I am building a new environment using the SQL Server 2017 Always-On system.

This will be active 24/7 and there will be lots of DML processes.

I have a 100GB SAS for the OS, a 1TB SAS for Data and a 1TB SSD disk for the TempDB and log files.

  • C:/ - 100GB - SAS
  • D:/ - 1TB - SAS - Data files
  • E:/ - 1TB - SSD - Log/TempDB Files

Is the above structure correct for best performance/best practice? Or should I change Log/Tempfile to SAS instead of Datafiles ?

For a single production database, how many Data and Log files do I need to create? 1 data file and 1 log file is best practice?

Was it helpful?

Solution

Storage perspective Best Practices :

  1. Have separate drives for Data,Log and Tempdb. Do not keep the log files and Tempdb files on same drive as Tempdb is very active and needs good IOPS all the time. So add another drive for Tempdb.
  2. If you can, keep data files too in SSD. This will enhance your performance in case the db is very read/write intensive.
  3. Enable Instant File Initialization.

Also I want to ask that for single production database how much Datafile/logfile need to create? 1 datafile and 1 logfile is best practice?

Adding multiple log files does not help or improve the performance as the logging is done sequentially. Paul Randal has a great blog article where he proved why multiple log file is bad for you.

On data files, having one mdf file is good enough. If your database will be huge then later go for filegroup partition. There may or may not be any improvement in performance if you add multiple datafiles for user databases which is totally unpredicatable.Another blog from Paul Click here where he answers this.
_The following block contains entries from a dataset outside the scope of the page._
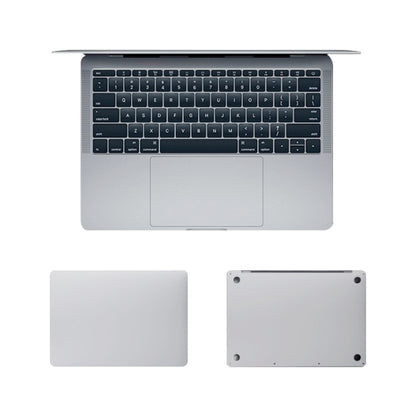 4 in 1 Upper Cover Film + Bottom Cover Film + Full-support Film + Touchpad Film Laptop Body Protective Film Sticker, For Retina 12 inch A1534, For Pro 13.3 inch A2159, For Air 13.3 inch A1466, For Pro Retina 13.3 inch A1425, For Pro 15.4 inch A1707����...
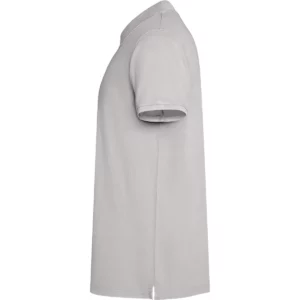 Polo Roly COBAIN en gris piedra lavado, vista lateral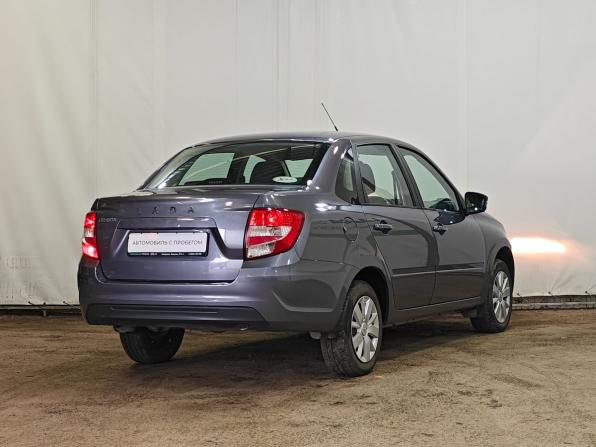 Lada (ВАЗ) Granta I Рестайлинг с пробегом 2022 года, цена 649 000 рублей, 137648 км, седан, Автокод Объявления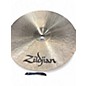 Used Zildjian 19in K Custom Dark Crash Cymbal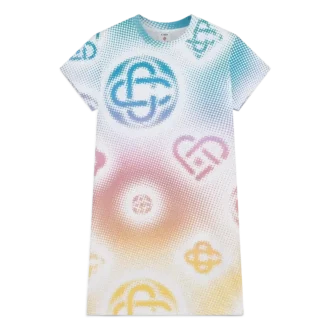 halftone logo t shirt kjole 1 330x330 - Halftone Logo T-shirt-kjole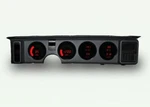 Intellitronix 1982-1990 Pontiac Firebird Led Digital Red DP3001R. Fixed Price $507.05.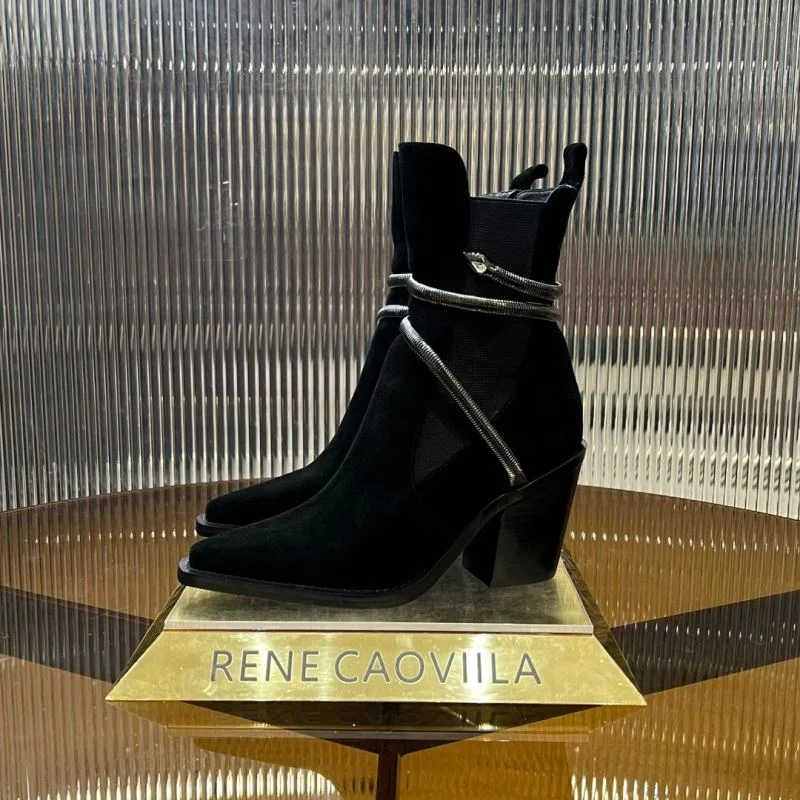Rene Caovilla Boots Soft 5943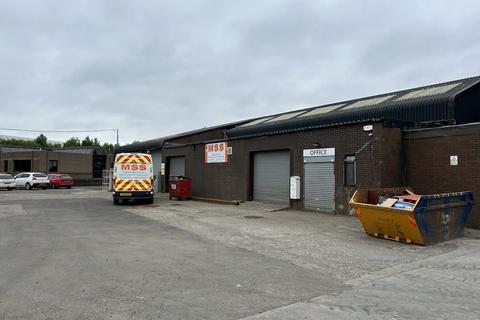 Industrial unit to rent, Industrial Estate, Bellshill ML4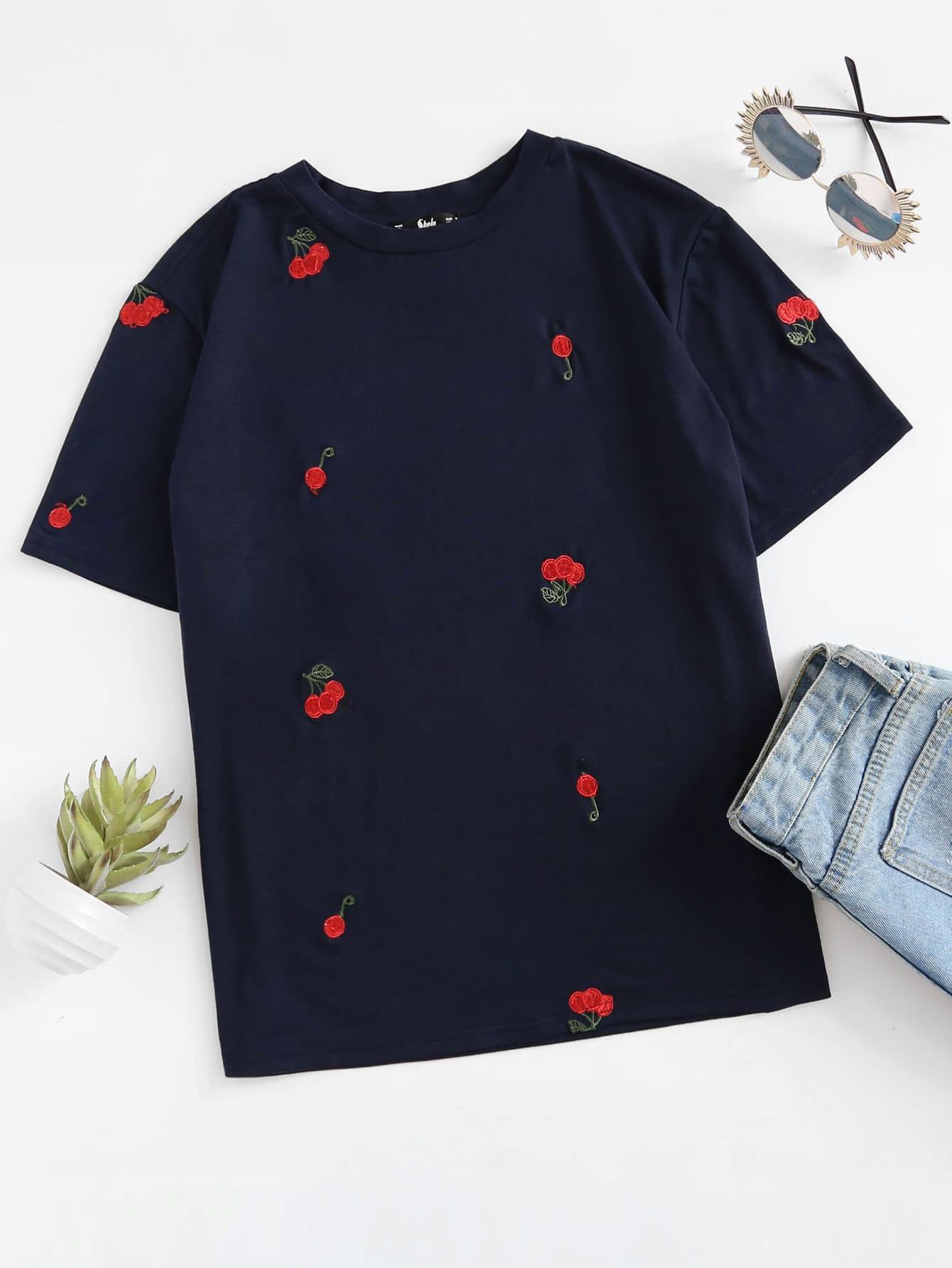 футболка SheIn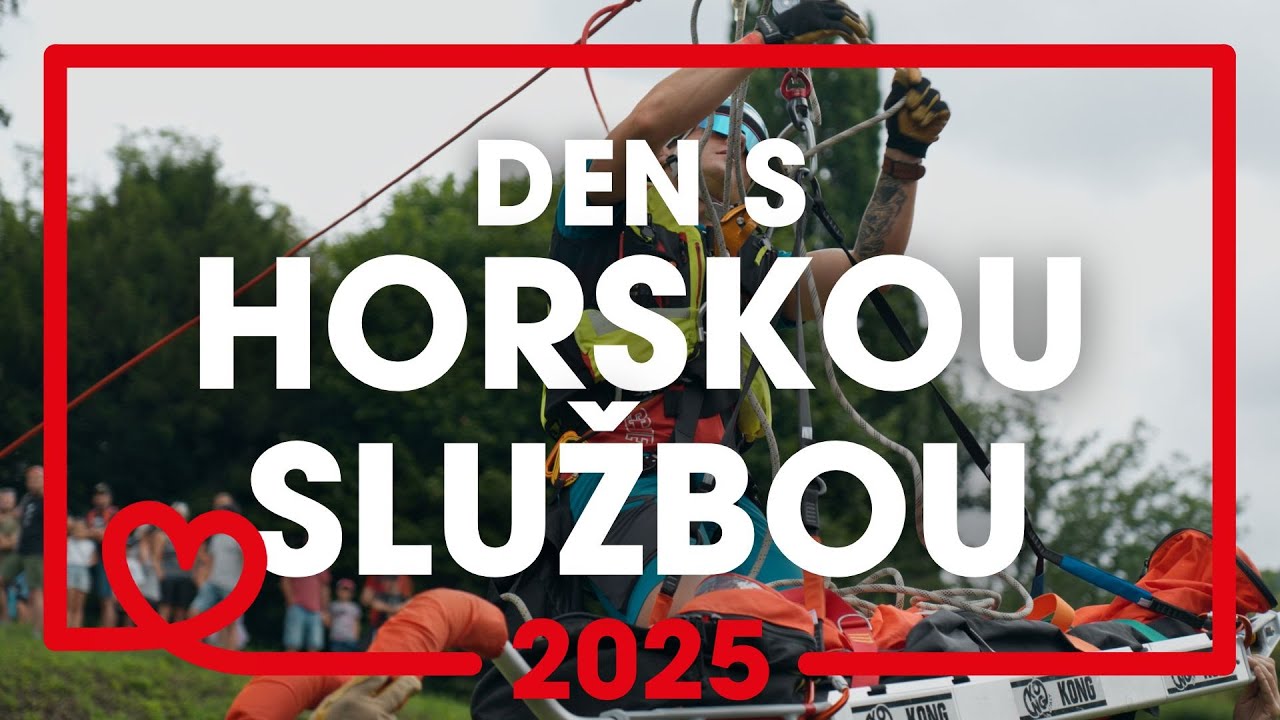 Den s Horskou Službou 2025 | Loučná nad Desnou | 19. 7. 2025
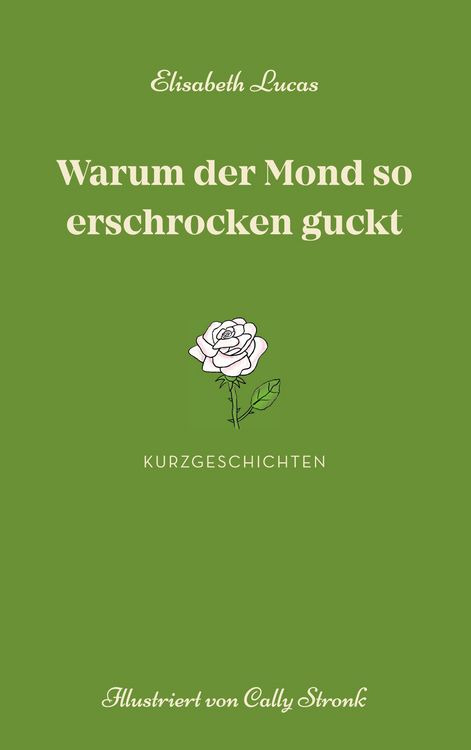 Produktbild: Warum der Mond so erschrocken guckt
In my environment we only use single datafile unless we run out of space and an extra .ndf needs to be added directing data to another drive.

Below is a snippet from Microsoft Documentation :

Storage

Use different disks or disk partitions for the following:

  1. Windows operating system.
  2. Data files for the system databases.
  3. Log files for system and user databases.
  4. Data and log files for the TempDB database.

For optimal read/write performance, make sure that disks that are used for SQL Server data files are formatted using 64 KB block size.